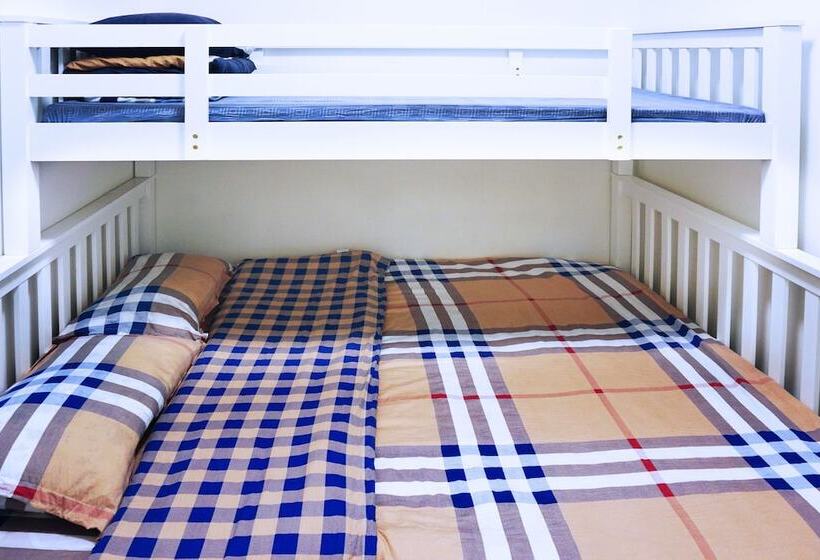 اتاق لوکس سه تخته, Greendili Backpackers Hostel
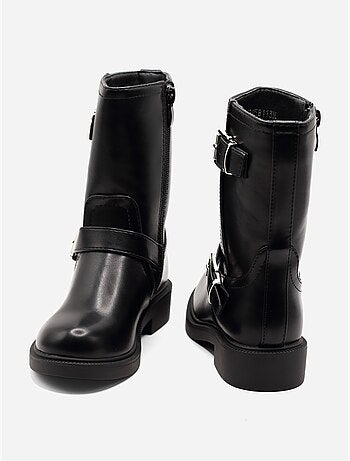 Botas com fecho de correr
* * *
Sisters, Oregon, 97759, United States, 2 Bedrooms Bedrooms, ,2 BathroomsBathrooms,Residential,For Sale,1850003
* * *
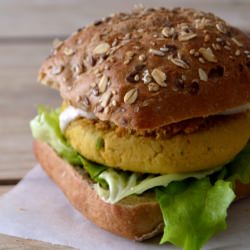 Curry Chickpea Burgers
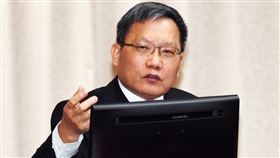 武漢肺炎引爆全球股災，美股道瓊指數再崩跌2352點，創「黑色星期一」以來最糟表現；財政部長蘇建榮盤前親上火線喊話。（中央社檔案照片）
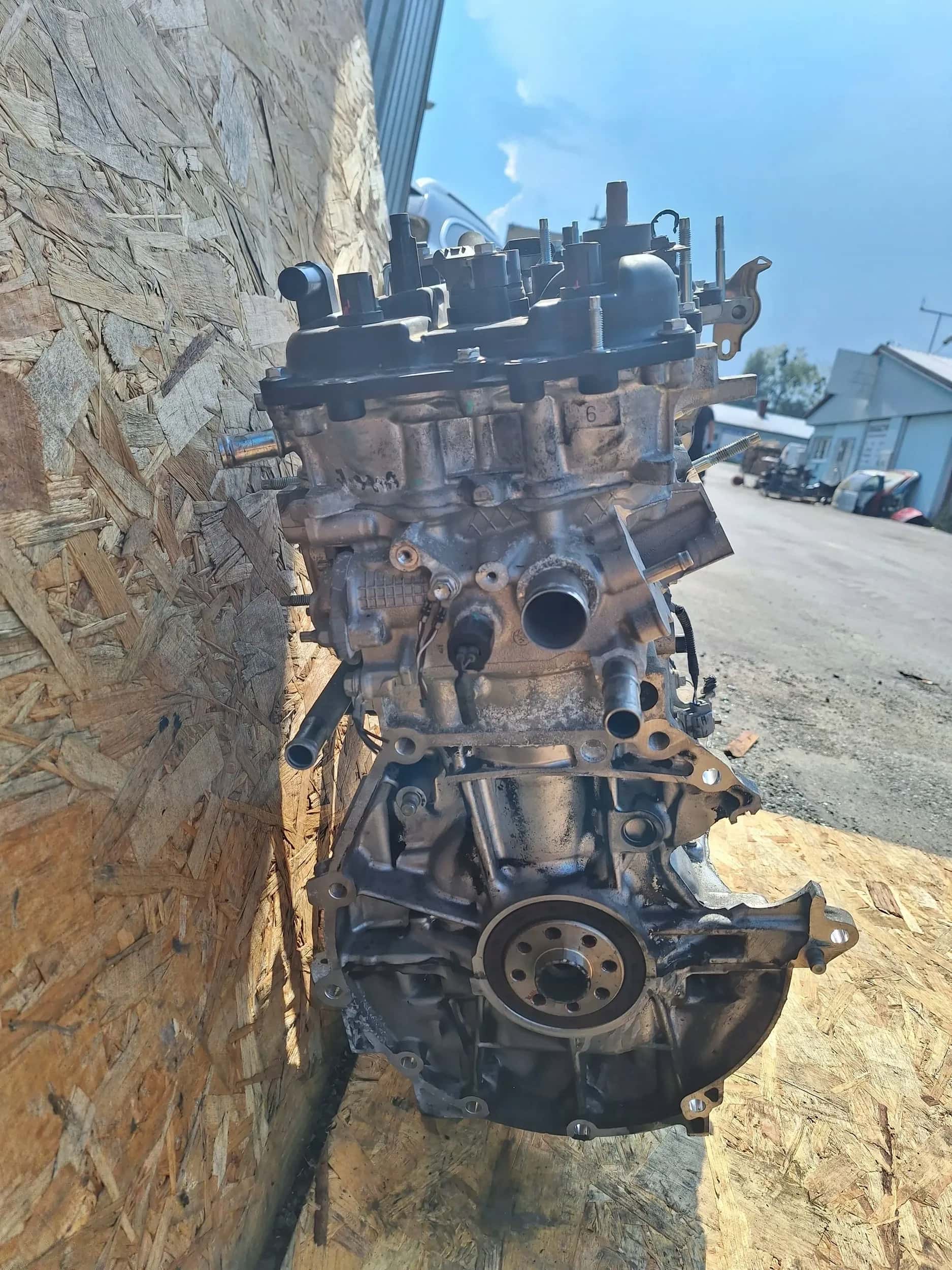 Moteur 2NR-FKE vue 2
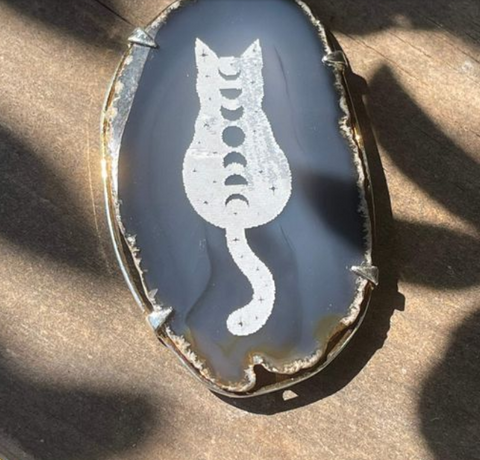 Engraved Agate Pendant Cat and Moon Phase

__What you should do__: Repeat the lines above exactly, beginning with the one containing "Moteur 2NR-FKE vue 2" and finishing with the one containing "Engraved Agate Pendant Cat and Moon Phase". No pictures belong in the copy.

__Written answer__:
 Moteur 2NR-FKE vue 2
 Engraved Agate Pendant Cat and Moon Phase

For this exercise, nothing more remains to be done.